In stable star systems the orbits of individual stars and pairs of stars are arranged in a hierarchical order.
The two stars in a pair will orbit each other more closely than any other pairs or single stars will. A planet or star or pair of stars will have to orbit a pair of stars at a distance of at least a few times their separation in order to have a stable orbit. That is the reason for the hierarchical orbit types discussed in the article.
Part two: The Ultimate solar System and its limits.
There is a blob by astronomer Sean Raymond called PlanetPlanet, with a section called The Ultimate Solar System, where Raymond designs plausible imaginary solar systems, the goal to be a system with the maximum possible, though statistically very rare and improbable, number of habitable planets.
So Raymond tries putting the greatest possible number of planetary orbits inside the circumstellar habitable zone of a single star. He tries trojan systems, with two or three planets sharing an orbit. He tries putting giant planets in the circumstellar habitable zone of a star, with several giant moons large enough to be habitable orbiting each giant planet.

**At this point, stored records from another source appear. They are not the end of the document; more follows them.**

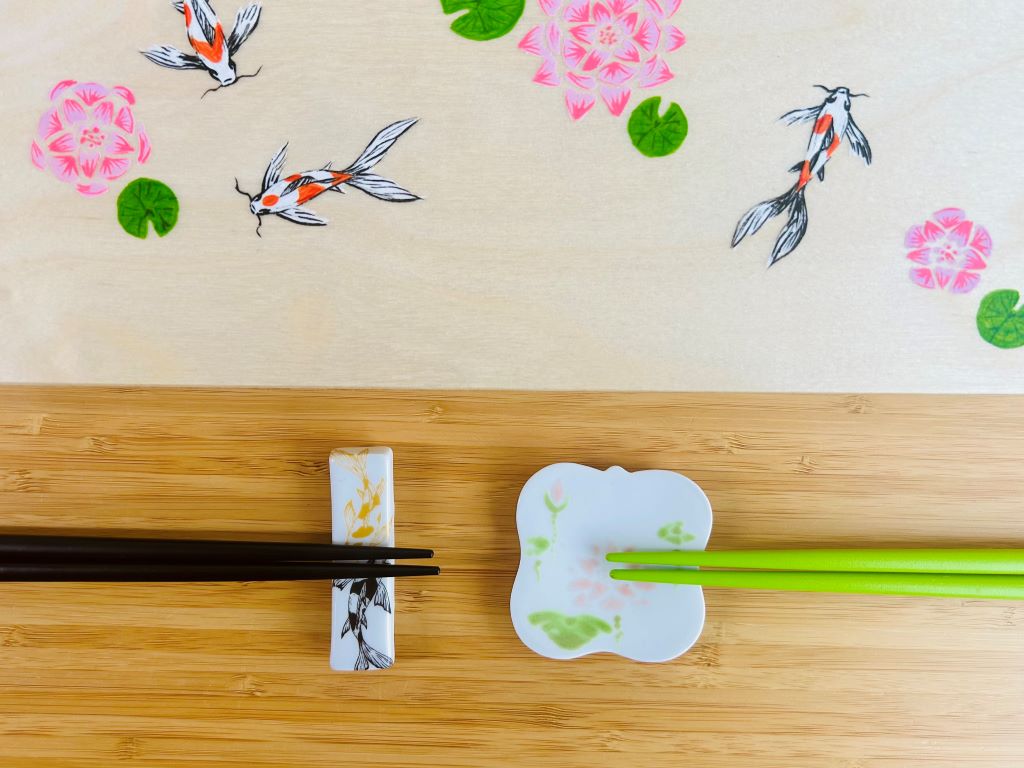 Geschenkset "Seejuwelen oder Koi-Karpfen mit Lotusblüten" für Essstäbchen und Ablagen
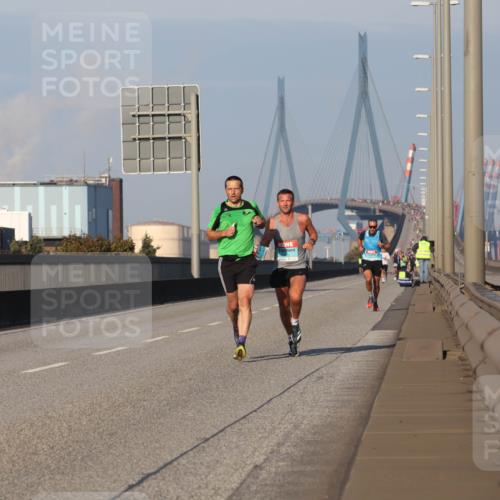 03.10.2025 - Köhlbrandbrückenlauf Luisa Fischer http://msf.ph/oto/8998173 03.10.2025 10:38:32 Position 3  meine-sportfotos.de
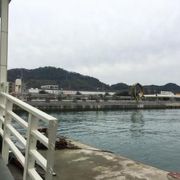 高松→小豆島間の高速艇に乗船、港には土産物屋も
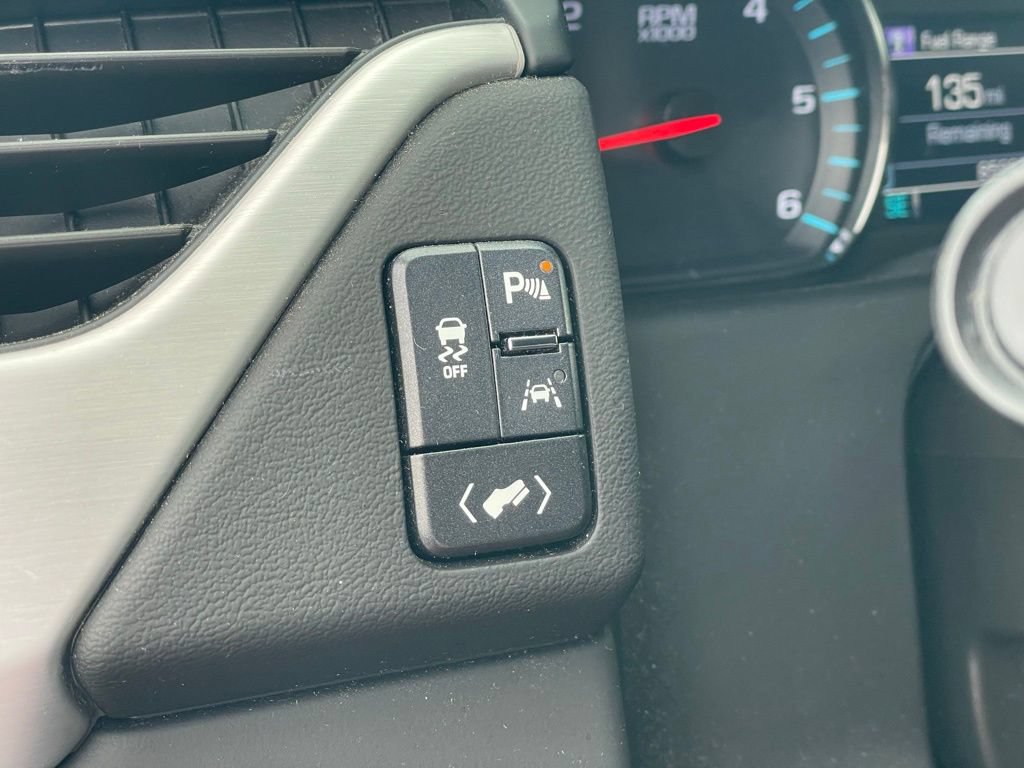 Used 2020 GMC Yukon SLE w/ SLE Value Package AWD/4WD image 15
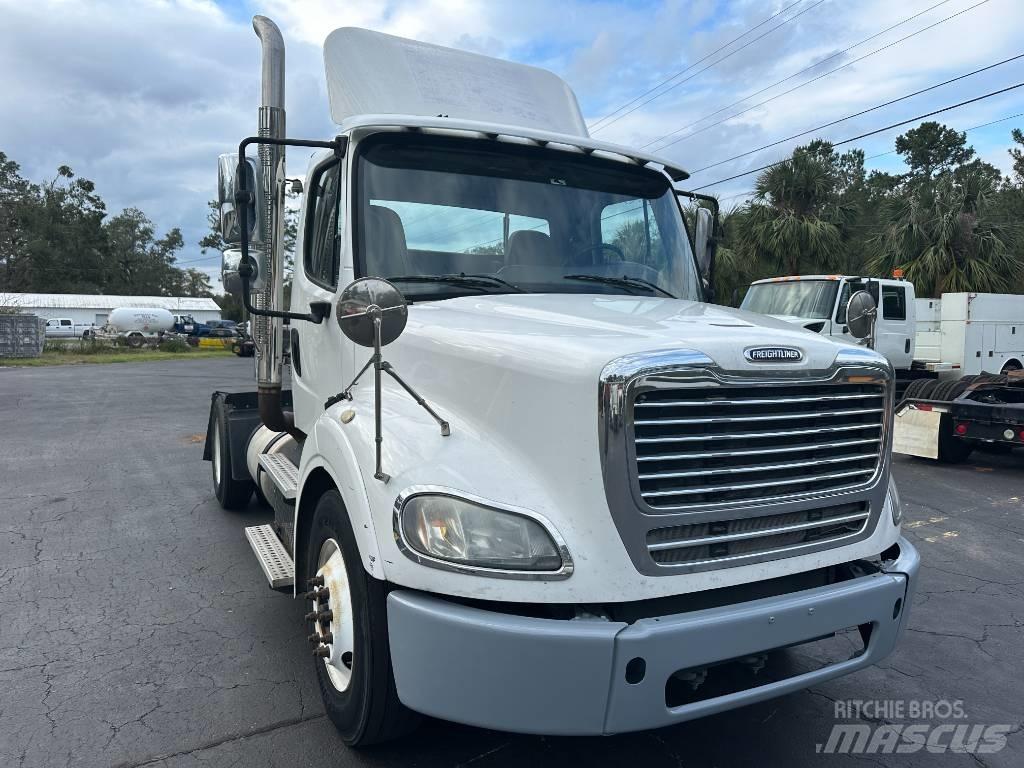 Freightliner M2 112 트랙터 유닛
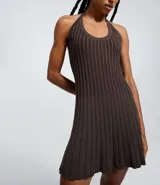 Vestido sin mangas, color marrón oscuro, con escote tipo halter y lazo en el cuello. El tejido es de malla con efecto tricot texturizado acanalado.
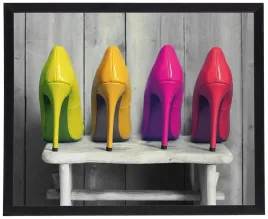 nowoczesny-obraz-w-czarnej-ramie-w-rozmiarze-40x50-cm-high-heels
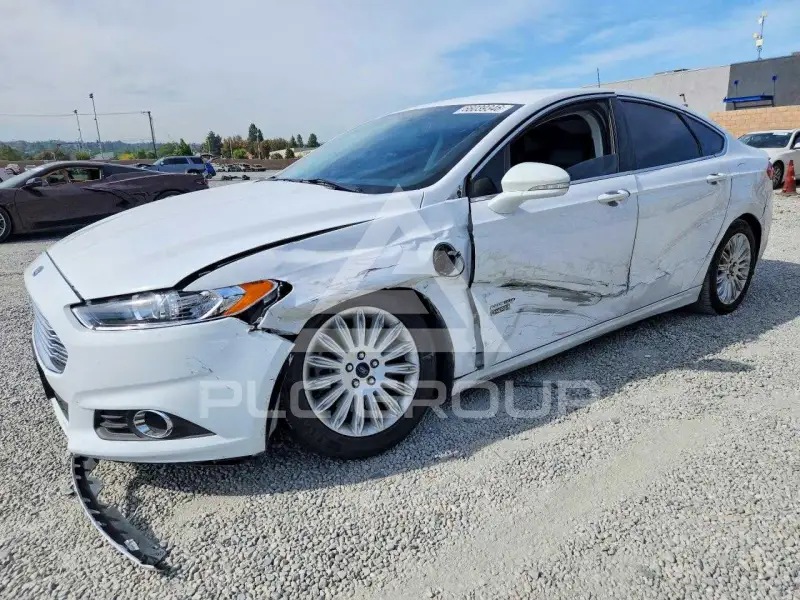 2016 Ford FUSION фото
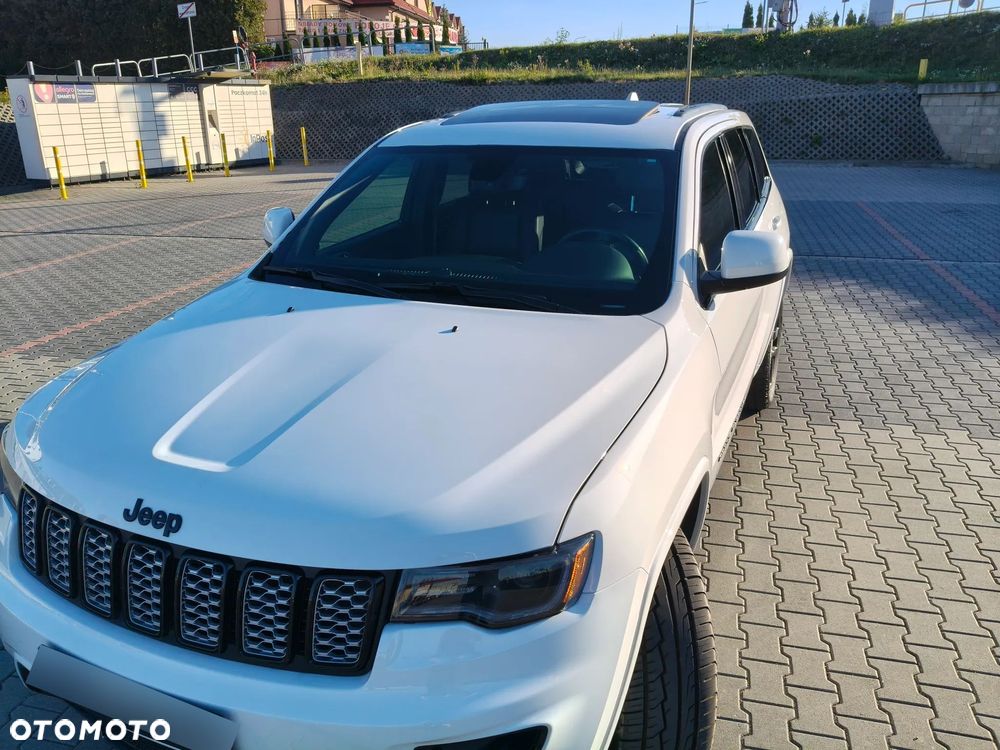 Jeep Grand Cherokee - 25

Then he tries assembling more and more stars into the system, each with as many habitable planets as possible.
In "part 6: A system with many stars" he designs his masterpice, a system with 16 stars arranged in a hierarchy of 8 binary stars arranged in 4 quatenary stars arranged in 2 octenary stars, and a total of 384 to 576 habitable worlds.
And in the next post, "The biggest tragedy in the history of the universe" he describes how such a solar system would be torn apart and most of the once habitable worlds collide with other planets, fall into a star, or be ejected into the cold of interstellar space.
The two 8 star systems making up the 16 star system would have to be spaced so far apart that galactic tital forces, and the gravity of passing star systems, would turn their once almost circular orbits more and more elliptical. This effect would trickle down to the four star systems and the pairs of stars, and eventually the orbits of all the planets would be disrupted.
Here is a link to an article on the subject:
So if that is correct, a system with a four level hierarchy and with at most eight stars would seem to be the limit.
And as a matter of fact, the two known systems with the most stars are believed to be septenary systems with seven stars, Nu scorpii and AR Cassiopeiae.
Part Three: Possible Exceptions.
I suggest that if a star system was alone in the universe, or at least floating in intergalactic space hundreds or thousands of light years or parsecs from the nearest other star, a system with many more than eight stars should be dynamically stable.
And Raymond spaced the stars in each basic binary pair of his ultimate solar system far enough apart that each star could have planets in its habitable zone. But if the stars in each pair were spaced a fraction that far, too close to have planets orbiting each star, then the two sets of eight stars could also orbit each other much closer, perhaps close enough to avoid disruption.
So if it is not required that the pairs of stars are spaced far enough apart to have plantary systems, the whole 16 star system might be tight enough to avoid disruption and have stable orbits. Of course such a vast solar system without any planets would seem like a waste to science fiction fans, but it might be physically possible.
Part Four: Rings of Stars.
However, there is one way way it is theoretically physically possible for a star system to have more than seven or eight stars in stable orbits.
"The Ultimate Engineered Solar System"
features a star with a ring of planets sharing the same orbit. Actually several rings of planets in the stars habitable zone. Raymond says that between 7 and 42 astronomical objects can share a stable orbit if they have equal mass and are equally spaced along the orbit. An arrangement which would probably have to be created by a super advanced civiization instead of happening naturally.
His source is this paper:
And in another post: "The Million-Earth Solar System"
Raymond designs a hypothetical system with a giant black hole with one million times the mass of the Sun, and with a ring of stars around it. In one version their is a ring of 9 stars and the many rings of habitable planets orbit the black hole outside the ring of stars. In another version there is a ring of 36 stars and the many rings of habitable planets orbit the black hole inside the ring of stars.
So theoretically a supermassive back hole could be orbited by one or more rings of normal mass stars, each ring having 7 to 42 stars.
Apart from that theoretical possibility, I think that probably 8 stars are the most possible in a naturally forming star system to have long term stability if that star system orbits within a galaxy and is subjected to strong tidal forces from other stars.